# Selling a ram lamb vs weathering with an agreement



## promiseacres (Apr 22, 2013)

I have a verbal agreement to sell one of my ram lambs to my nephew as a FFA project. I have no plans to castrate my males, even intended for the butcher b/c of research I've done that it's not a necessity for hair sheep. My sister told me she wanted to band him when the got him, well I am not weaning til 8-12 weeks, and IMO that is WAY too old to band. So she was going to bring her bander over to do the deed, BUT my DH is concerned that if something goes wrong we'll be out the $ of selling him.
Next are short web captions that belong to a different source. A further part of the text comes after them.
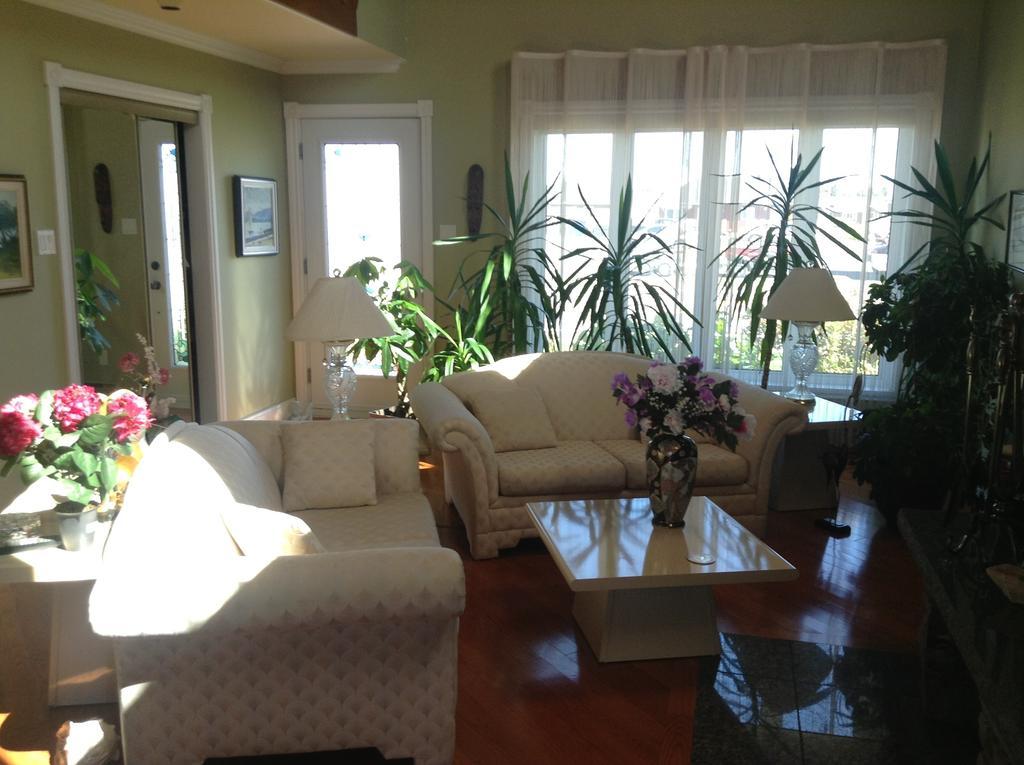 Bed and Breakfast Douces Evasions Saint-Anselme Екстер'єр фото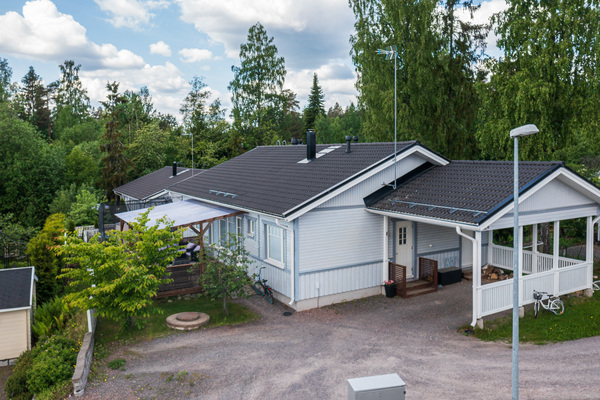 Metsäkalliontie 12, Kirkkonummi (Veikkola)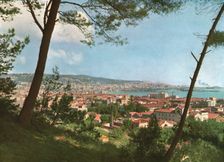 'Vue generale d'Alger; Afrique du nord 1914. Creator: Jules Gervais-Courtellemont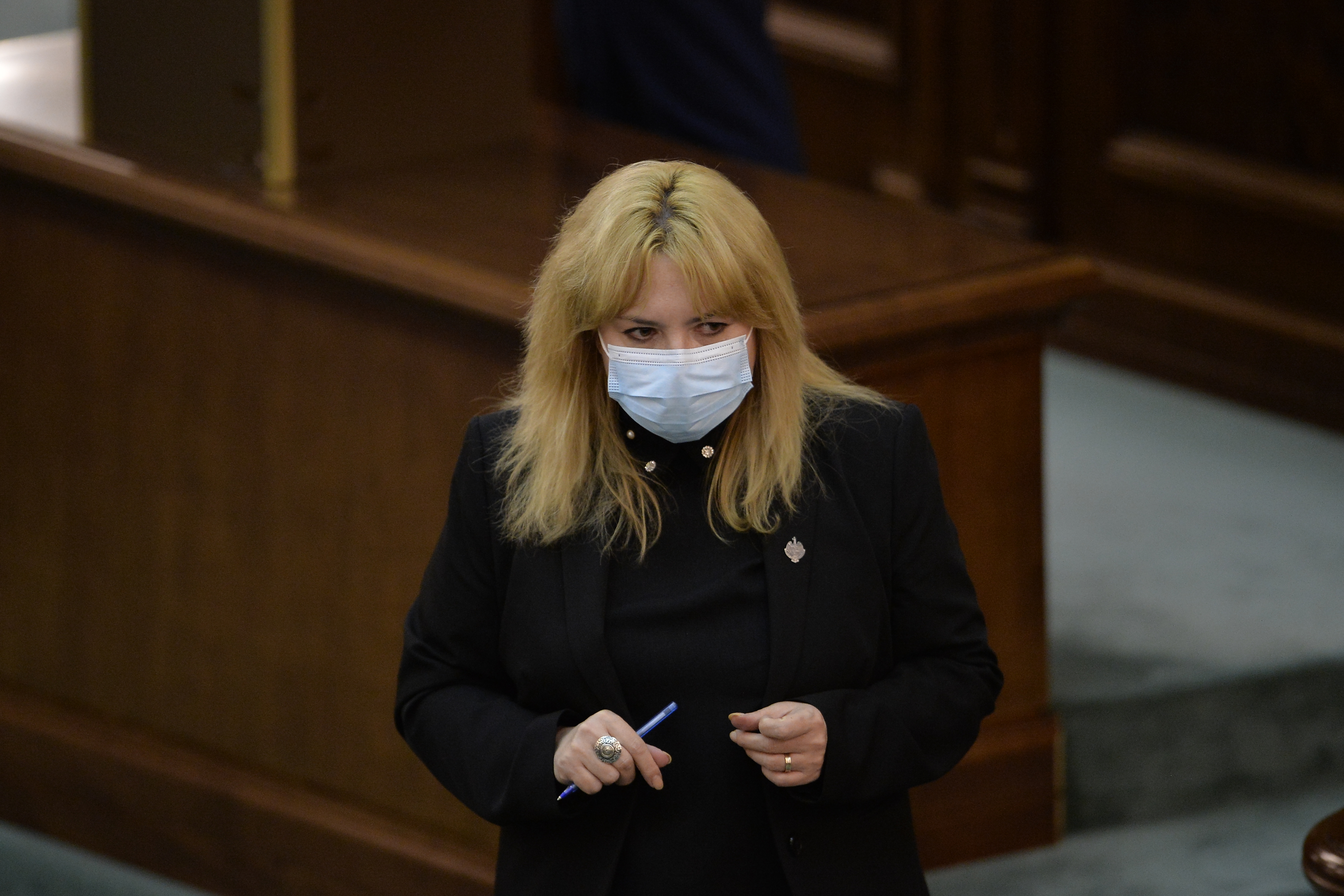 Cine este Anca Dragu, prima femeie care a devenit președinte al Senatului și al doilea om în stat
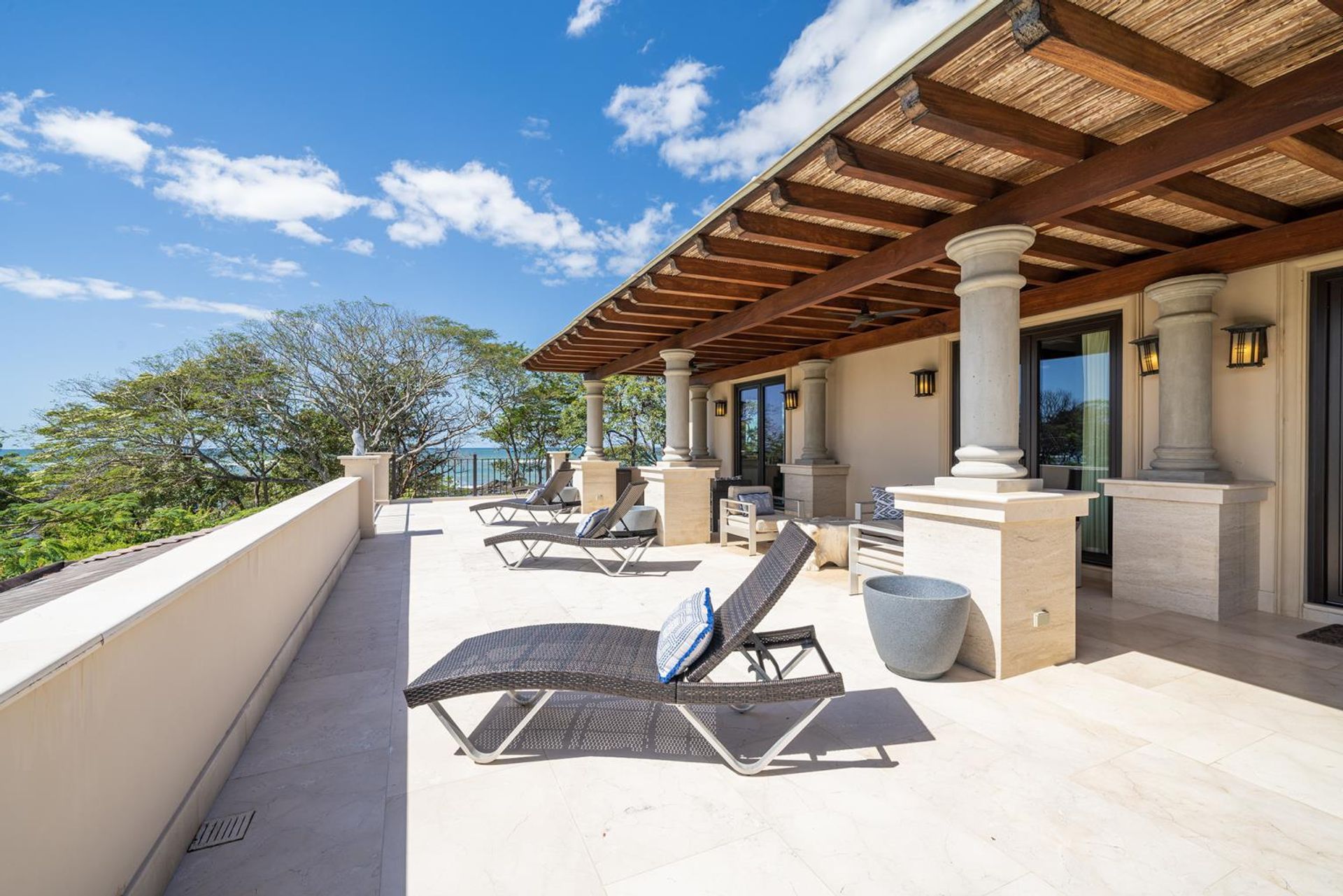 OCEAN FRONT OCEAN VIEW PROPERTIES HOUSE HACIENDA PINILLA GUANACASTE LA DULCE VIDA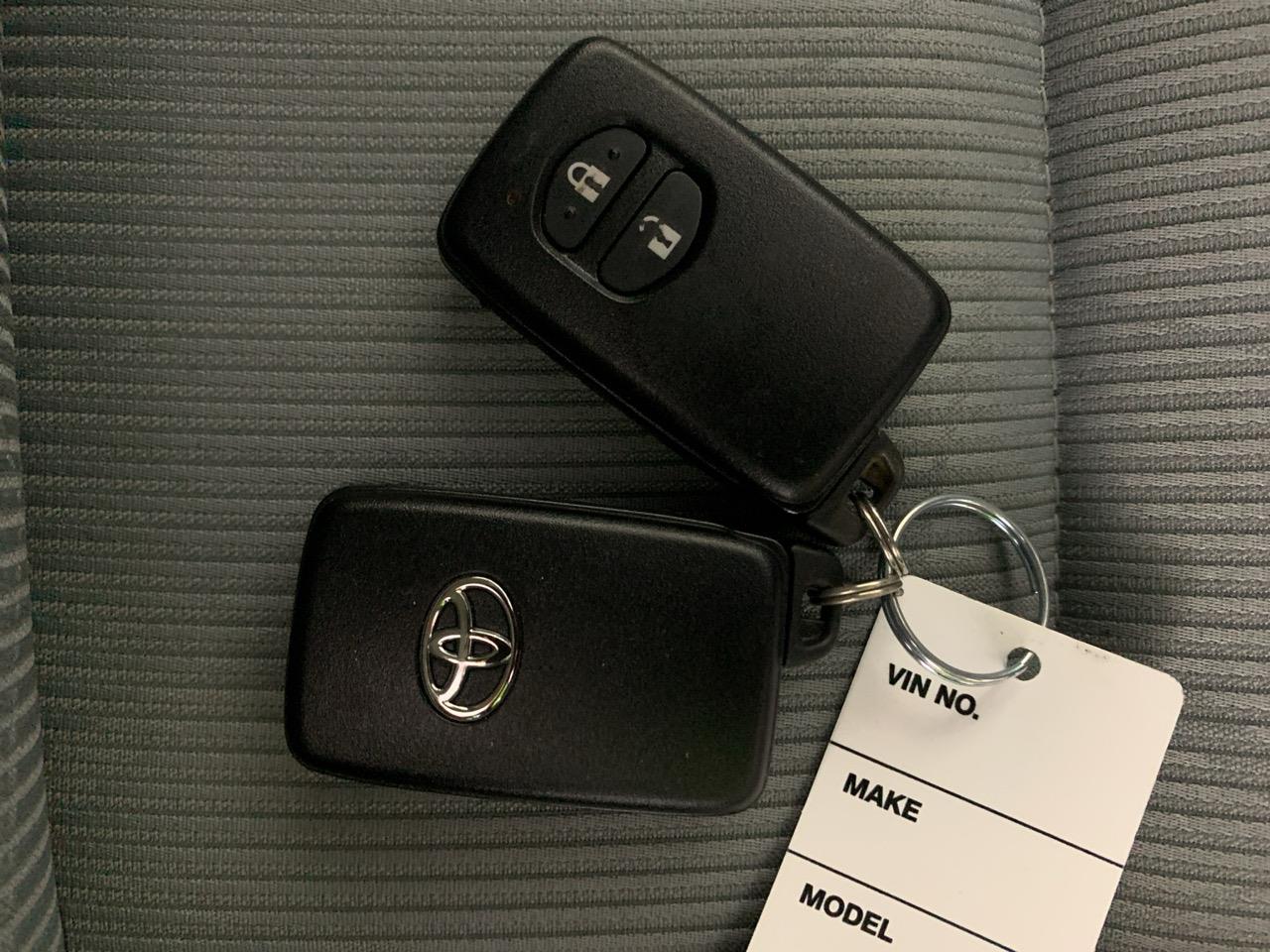 2013 Toyota Aqua S AERO Hatchback PUSH SRART + REVESING CAMERA + AUTO LIGHTS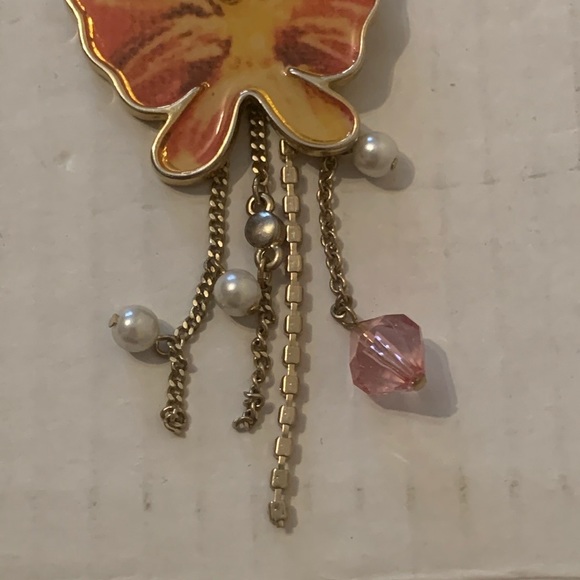 Women’s Gold Color Guess Love Necklace with Butterfly Pendant - Picture 5 of 10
Which I greatly reduced to help out my nephew. My DH wants me to at least ask for a deposit before he is banded in case something goes wrong or they change their minds before he is weaned. (he's 2 weeks now). I'm wondering now if I tell her that if castration is a nessecity that she needs to have it done via surgery after they take him home? I believe he will end up in their freezer and they don't "show" the lambs in FFA so am not sure why she's so set on castration other than it's more common to castrate than not?


----------



## SheepGirl (Apr 22, 2013)

I would go ahead and ask for a deposit on the lamb, or even full payment. However I would go ahead and band him now, nothing bad should happen from castration.


----------



## aggieterpkatie (Apr 22, 2013)

IMO, 8-12 weeks is not too old to band.  I've banded plenty that age.  As long as the testicles fit through the band, you can band.  It's pretty common to have ram lambs banded at that age, especially for club lambs for 4-H (or FFA).   I think surgically castrating would be too much hassle for the ram, plus costly for a 4-H project.  If you want to band now instead of later, I think it'd be reasonable to ask for a deposit (at least half of his cost, maybe).  But I really think waiting until 8 or even 12 weeks to band he'll be fine.


----------



## promiseacres (Apr 22, 2013)

well I just told her we should wait, either she do it at home or a deposit. thanks for the input


----------



## PendergrassRanch (Apr 22, 2013)

If they want to alter the animal, then they should pay for said animal in advance.


----------



## BrownSheep (Apr 22, 2013)

8 weeks is plenty young enough to band. I banded one that age a couple of weeks ago and he took it like a champ. My lambs are also a bigger breed of woollies so I suspect they are probably larger down there than you guy will be.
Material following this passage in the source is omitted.